Apocrine Hidrocystoma Clinical Presentation
- Author: Jesse M Olmedo, MD; Chief Editor: Dirk M Elston, MD more...
History
Apocrine hidrocystomas usually are asymptomatic. No seasonal variation or familial tendencies have been identified. Apocrine hidrocystomas tend to appear during adulthood, grow slowly, and persist indefinitely.
Physical
Apocrine hidrocystomas usually occur as solitary translucent papules or nodules. Consistency is fluctuant and cystic. Size varies from a few millimeters to approximately 1.5 cm. Tumors occasionally manifest as multiple lesions, especially when of the eccrine hidrocystoma type.[1, 2, 3]
Apocrine hidrocystomas often appear tense and shiny. The coloration varies from flesh-colored to blue or black (see image below).
Clinical example of apocrine hidrocystoma. Tumors have a predilection for the eyelid, particularly the inner canthus. Tumors may arise on other areas of the head, neck, and trunk.[4] Tumors also have been reported to occur on the penis, in the axillae, and in the anal region.

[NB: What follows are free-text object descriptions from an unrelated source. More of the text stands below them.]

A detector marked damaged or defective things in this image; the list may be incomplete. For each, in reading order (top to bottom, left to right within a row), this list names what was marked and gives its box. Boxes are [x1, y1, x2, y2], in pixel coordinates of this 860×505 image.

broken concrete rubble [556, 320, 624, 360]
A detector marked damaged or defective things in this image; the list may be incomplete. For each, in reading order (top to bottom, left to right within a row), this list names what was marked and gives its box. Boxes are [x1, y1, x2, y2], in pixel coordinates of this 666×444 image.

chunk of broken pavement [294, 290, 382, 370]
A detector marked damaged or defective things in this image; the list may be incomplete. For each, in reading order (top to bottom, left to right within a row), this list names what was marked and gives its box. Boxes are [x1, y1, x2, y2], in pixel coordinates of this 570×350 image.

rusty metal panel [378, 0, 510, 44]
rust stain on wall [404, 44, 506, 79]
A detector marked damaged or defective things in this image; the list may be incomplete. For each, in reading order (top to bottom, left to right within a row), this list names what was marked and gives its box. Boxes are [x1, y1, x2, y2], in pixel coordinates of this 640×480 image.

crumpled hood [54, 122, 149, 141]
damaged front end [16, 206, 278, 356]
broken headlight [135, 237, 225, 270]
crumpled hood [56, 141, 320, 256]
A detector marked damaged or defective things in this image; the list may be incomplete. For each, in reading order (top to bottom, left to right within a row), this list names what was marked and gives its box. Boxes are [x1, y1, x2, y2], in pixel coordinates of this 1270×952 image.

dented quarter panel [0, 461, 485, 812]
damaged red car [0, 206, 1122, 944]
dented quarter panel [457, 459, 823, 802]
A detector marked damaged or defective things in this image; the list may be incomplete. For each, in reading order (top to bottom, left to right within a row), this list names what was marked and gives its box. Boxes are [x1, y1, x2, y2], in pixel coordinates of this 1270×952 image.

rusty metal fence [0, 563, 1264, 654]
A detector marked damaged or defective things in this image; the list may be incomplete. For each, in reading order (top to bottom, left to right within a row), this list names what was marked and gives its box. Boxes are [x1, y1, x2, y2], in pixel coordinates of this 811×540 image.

Lesion edges are not well delineated but blend gradually into adjacent skin. Walls, although translucent, are sufficiently thick that they seldom rupture spontaneously.
When incised, apocrine hidrocystomas collapse, and a thin, clear, brownish, or blackish fluid is released. The fluid color of an apocrine hidrocystoma does not result from the presence of melanin or hemosiderin but may result either from the Tyndall phenomenon or the presence of lipofuscin pigment.
Cysts are mobile with palpation and transilluminate.
Apocrine hidrocystomas are not affected by variation in temperature (unlike eccrine hidrocystomas).
Causes
Although the origin of apocrine hidrocystomas is not known entirely, they are believed to be adenomatous cystic proliferations of the apocrine glands.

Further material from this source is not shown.